A petition supporting community media that was first presented and endorsed at the World Forum on Free Media in Montreal in August of 2016, gathered steam and was presented by over 20 members of parliament either in the House before it broke for the Christmas break, when it reconvened in early February, or directly to the Heritage Minister.

The petition was supported by MPs from all parties, including Liberals, the NDP, the Bloc, and the Conservatives.

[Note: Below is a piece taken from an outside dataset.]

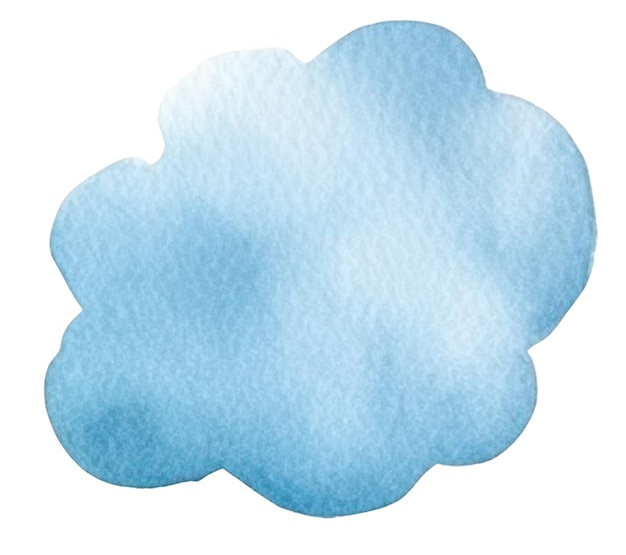 PSD nuvola dipinta ad acquerello elemento di design disegnato a mano isolato su sfondo trasparente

Here is the text of the petition:

"We, the undersigned Canadian residents, acknowledge:

That the Broadcasting Act stipulates that the community, private and public elements of the Canadian broadcasting system should complement one another to ensure that a range of local, regional and national programming is available to Canadians.
That it is the policy of the CRTC that “the community channel should be primarily of a public service nature, facilitating self-expression through free and open access by
members of the community”.
That community media can effectively serve small communities, neighbourhoods and alternative voices not served by public and private media.
That digital convergence places new challenges on individuals, organizations, and communities to express themselves, to be heard, and to be visible.
Therefore we ask the government to enable a network of community-operated media centres to ensure

the survival of community TV
the availability of local media in towns and neighbourhoods not served by public or private media
all Canadian residents have access to multi-platform media skills training and content distribution in the digital economy."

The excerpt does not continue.